To account for this possible link between persistence and variance , we introduced a “deflated
volatility” indicator, correcting volatility by persistence (LB) to better approximate the
volatility due to abrupt (discretionary) interventions only:
(3)
DVol = Vol/LB.
10
3.3 Candidate variables
Candidate variables satisfying in principle our criteria are the following:
• Subsidies (TSUB), Purchases (CGNW) and Capital spending (KT).
• We exclude from discretion not only Interest payments, but also Compensation of the
employees and Transfers (SSPG), which are in most cases dominated by pensions.
• This means that we exclude from discretionary spending the non-pension component
(e.g., mainly unemployment and welfare benefits), which behave more as a persistent
cyclical component than as an occasional labor market intervention.
Thus, our virtual government discretionary spending (GD) is obtained adding - both in
nominal an real terms - the following components where Capital spending (KT) sums
separate Fixed investment (IG) and Capital transfers (TKPG):
(4)
GD = TSUB + CGNW + [IG + TKPG].
11
4. RESULTS
• Results refer to single variables first (see for details Table 4 in CF cit.) and then to
discretionary and non-discretionary aggregates (Tables 3-4, here).
4.1 Background data
To help interpretation, I summarize first a few background data on government spending
composition and patterns in the Oecd sample [Tables 2a, 2b and 3 in CF cit.]:
• Overall, discretionary spending share declined over time, although the Great Recession
reversed this tendency, mainly in those countries with smaller deficits and debt.
• Government consumption (CG = WAGES + CGNW) is about everywhere the largest
spending variable (≈40%-50%), followed almost everywhere by Social security (≈30%40%) which contains Pensions and Welfare expenditures. Usually, pensions dominate
except than in the Northern countries, Ireland and the UK. Capital spending is the third
(≈10%), much smaller and volatile, component. Investment is low except for Japan.
• Finally, Government size tends to fall over time and is rather small in Japan where,
however, the (gross) debt/GDP ratio is indeed very high.
12
4.2 Discretionary spending by variable
Leaving more details to CF Table 4, I summarize here major results:
• While there are obvious differences by variable and country, most of the reported
statistic conform to our assumption that discretionary spending should be more volatile,
and less persistent than automatic spending is.

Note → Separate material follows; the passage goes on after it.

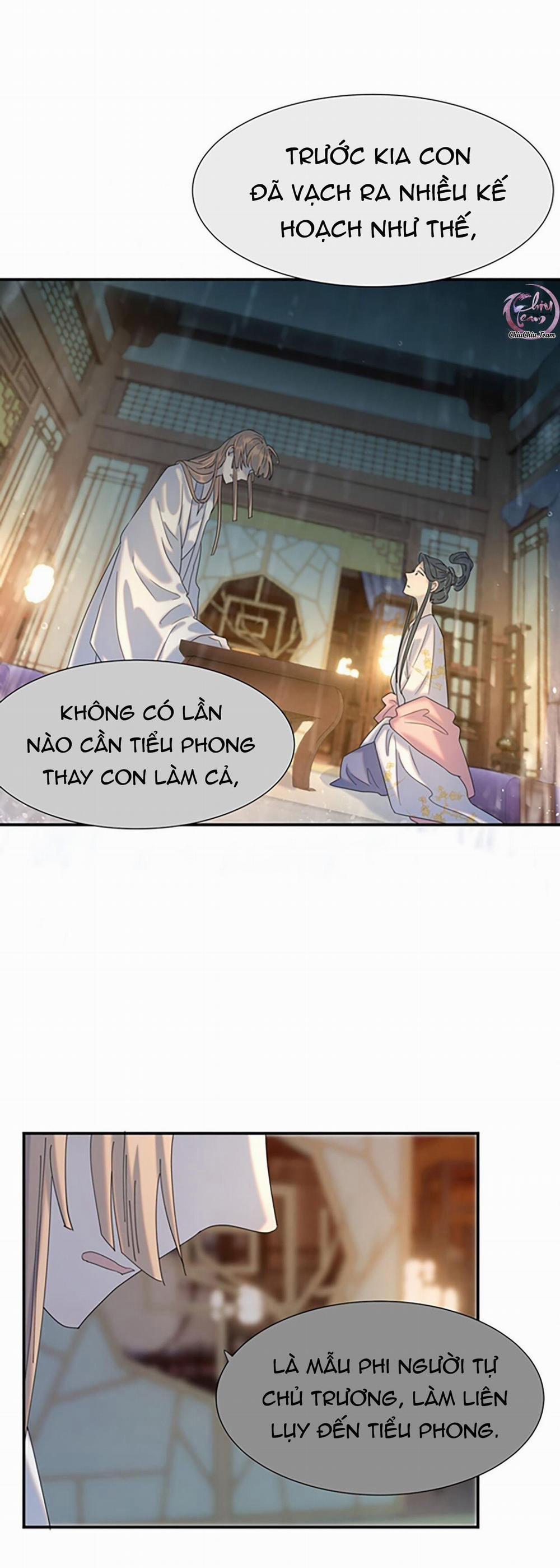 Hình Như Cầm Nhầm Kịch Bản Của Nữ Chính Rồi! 93 trang 22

• In general, persistence results differ more by country and by variable.
• Deflating volatility from persistence makes stronger this overall evidence.
• In most cases Capital transfers (KT) are the most volatile spending variable and this is
maintained using the deflated volatility index (DVol). Conversely, Fixed investment has
some persistence induced by the time-to-build technology.
• The last discretionary variable in our scheme is given by Subsidies. Given the policy
nature of this variable, cross-countries differences are not surprising.
• Within non-discretionary spending, the Welfare component is generally characterized by
a high degree of cyclicality (Adema et al., 2011) which is inconsistent with the standard
view that this type of expenditure should reflect temporary interventions only.
13
4.3 Aggregate discretionary spending
• The discretionary spending share (GD) is about 1/3 of total spending (Table 3). This is
much larger than the share obtained from estimated residuals, but is much smaller than
typically assumed in the earlier econometric models.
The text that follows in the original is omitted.